The lines to extract run from the start of the records through the line with "Women's Versatile Striped", both ends included; drop the pictures.

● **Entries shown**:
-- Opening Marker --

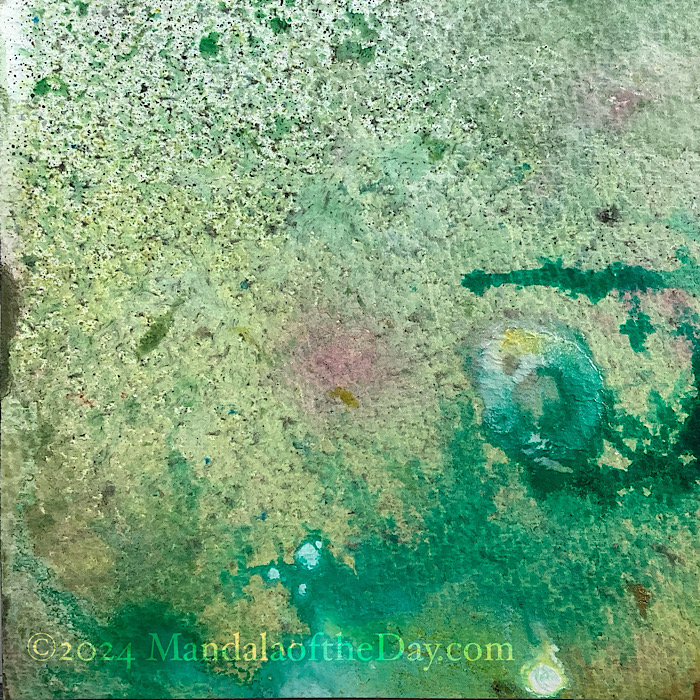 MotD 24-301 Dualism — before. textured abstract background with varying colors of green, yellow, white, and a dab of pink.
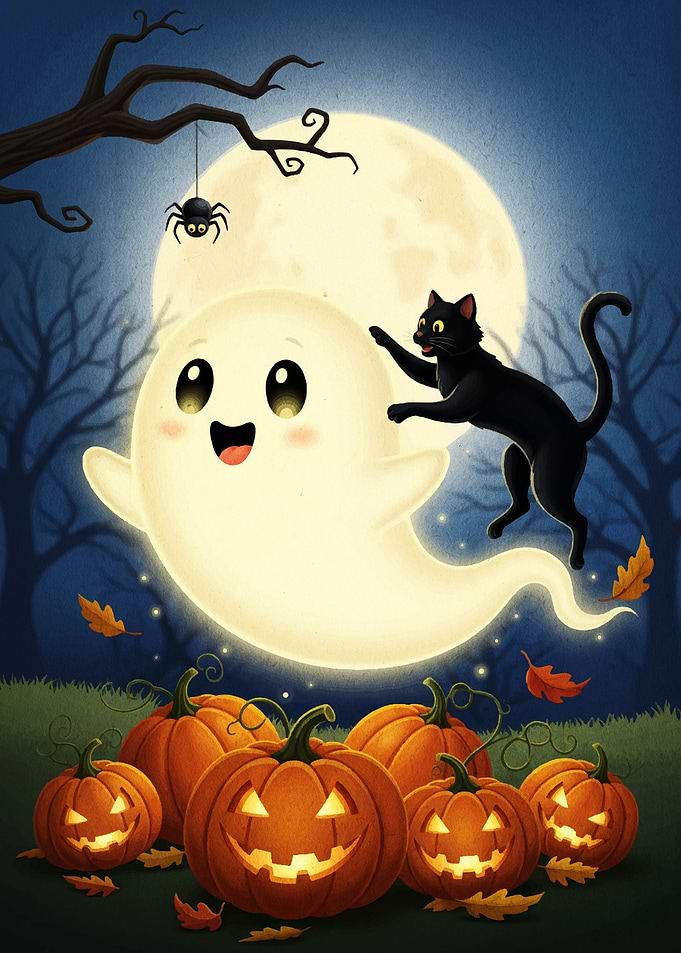 Cute Halloween Ghost with Black Cat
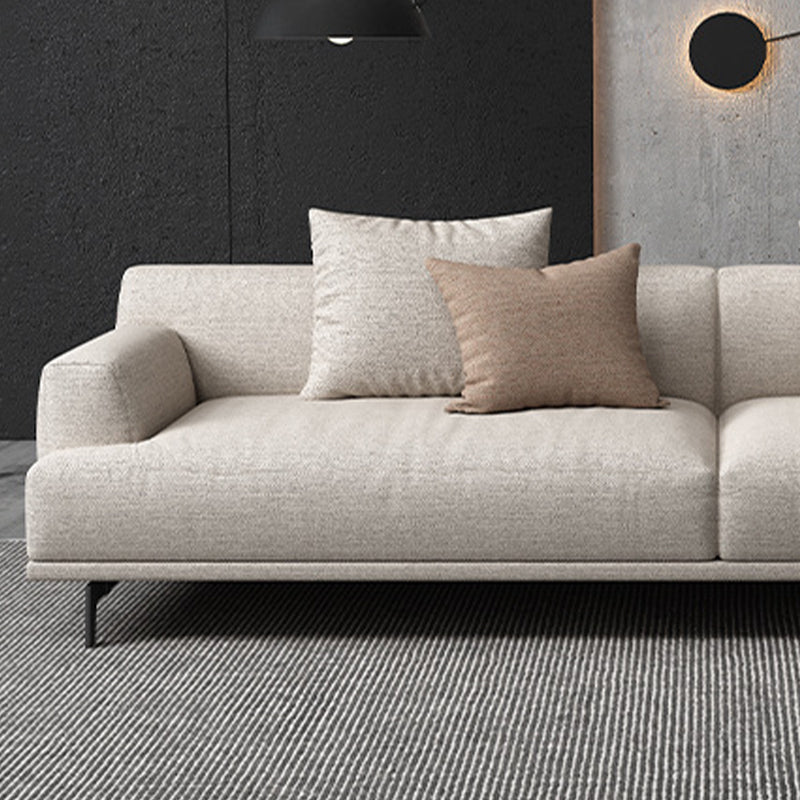 Ivory Fabric Settee Standard Charles Of London Tight Back Loveseat Clearhalo 'furn' 'furn_sofas' 'Furniture' 'furniture_sofas' 'kitchen' 'kitchen_sofas' 'Living Room Furniture' 'Sofa' 'sofas' 4607454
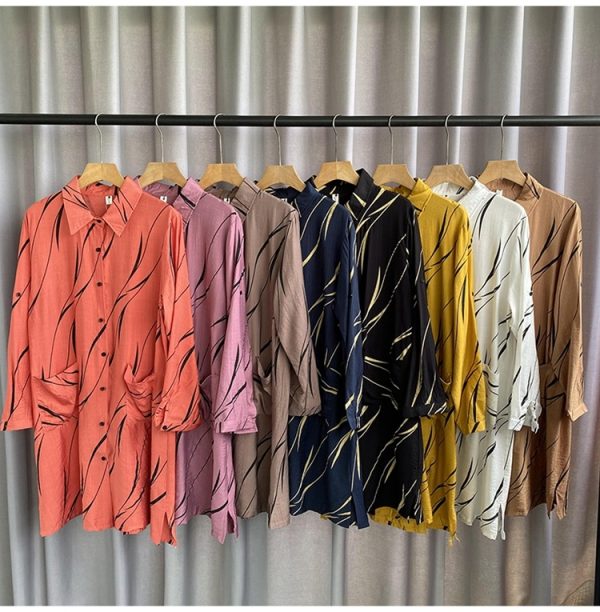 Women's Versatile Striped Long Sleeved Dress - Image 2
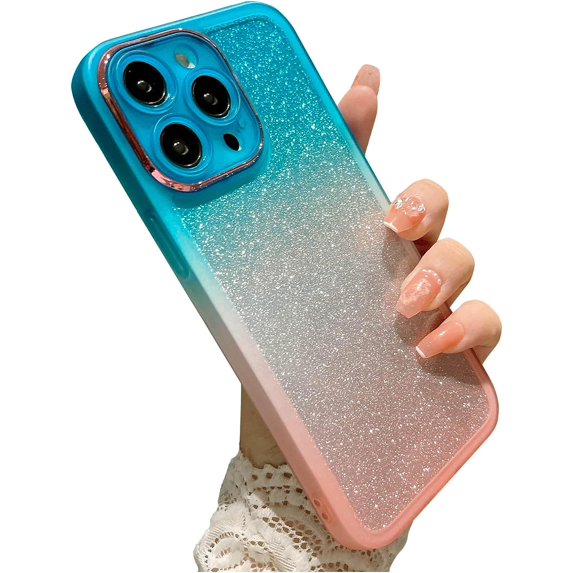 Compatible with iPhone 14 Pro Case, Glitter Bling Gradient Slim Soft Phone Case, Shockproof Lens Camera Protection Sparkly Shiny Case for Women Girls for iPhone 14 Pro - Blue Pink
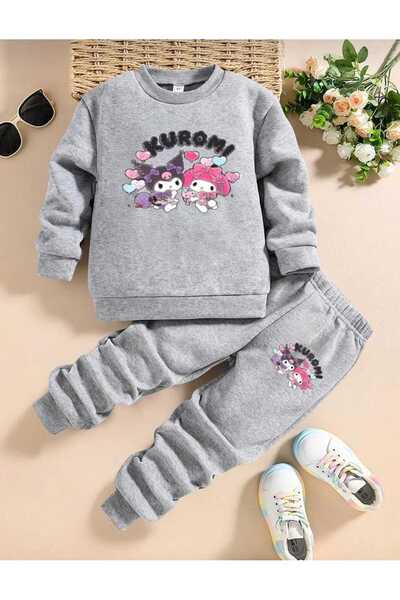 Gutsy Zero Collar Sweat Suit Kids' Set Kuromi Printed Girls'/Boys'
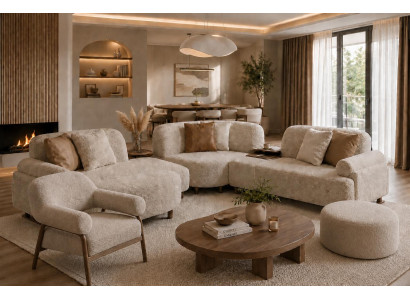 Komfortables Wohnzimmer Set mit großzügigem Ecksofa, Sessel und Sitzhocker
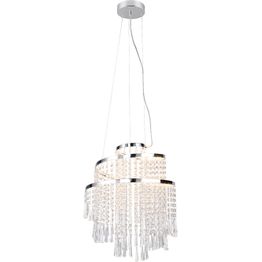 LED-riippuvalaisin Trio Pomp, 38cm, kromi/kirkas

-- Closing Marker --

● **Task answer**:
 MotD 24-301 Dualism — before. textured abstract background with varying colors of green, yellow, white, and a dab of pink.
 Cute Halloween Ghost with Black Cat
 Ivory Fabric Settee Standard Charles Of London Tight Back Loveseat Clearhalo 'furn' 'furn_sofas' 'Furniture' 'furniture_sofas' 'kitchen' 'kitchen_sofas' 'Living Room Furniture' 'Sofa' 'sofas' 4607454
 Women's Versatile Striped Long Sleeved Dress - Image 2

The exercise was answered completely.